Digg: A community built on open source software

A snippet from the interview with Kevin Rose and Jay Adelson of Digg.com:

MadPenguin: So here you are, challenging media giants, they’re calling you up as soon as two months or so after your birthday, and what role does open source and the open Internet play in your success?

KR: From a cost point of view, they played a huge role. Community played a huge role. Open source software gave us an extremely low barrier to entry. I didn’t have to go out and license any of expensive technologies. I didn’t have the money for that. We’re talking generic boxes. We use Penguin Computing now, but back then, it was self-built, home brew boxes running Debian Linux, Apache, MySQL, etc. The LAMP architecture is our base. It was at EV1Servers.net, and they provide you with vanilla boxes for 100 bucks or so per month. That’s all you need to get things off the ground.

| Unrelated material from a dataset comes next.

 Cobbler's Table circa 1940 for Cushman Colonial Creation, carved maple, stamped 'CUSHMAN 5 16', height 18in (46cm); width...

JA: The open Internet was also an enabling technology, because by the time that Digg started, the Internet mass audience had become more accustomed to Web 2.0 kinds of technologies. You know, things like RSS, for example, and the notion of the Internet being a two-directional medium. They “got” it that Rather than just going to a website and reading information, they were participating in that data. So Digg was following in the footsteps of Napster, KazAa, Orkut, MySpace, and so forth who had taught that Internet audience to participate. By the time that Digg started, that barrier to entry has been overcome. We had an audience that was ready for this experience. So from an infrastructure point of view, we could afford to do it, and from an audience standpoint, they were ready for it because of these revolutions that had already happened out on the Internet.

This is a community where the users get to decide which stories are important and relevant enough to make front page news, and it is built on open source software. Thanks Einfeldt for a great interview!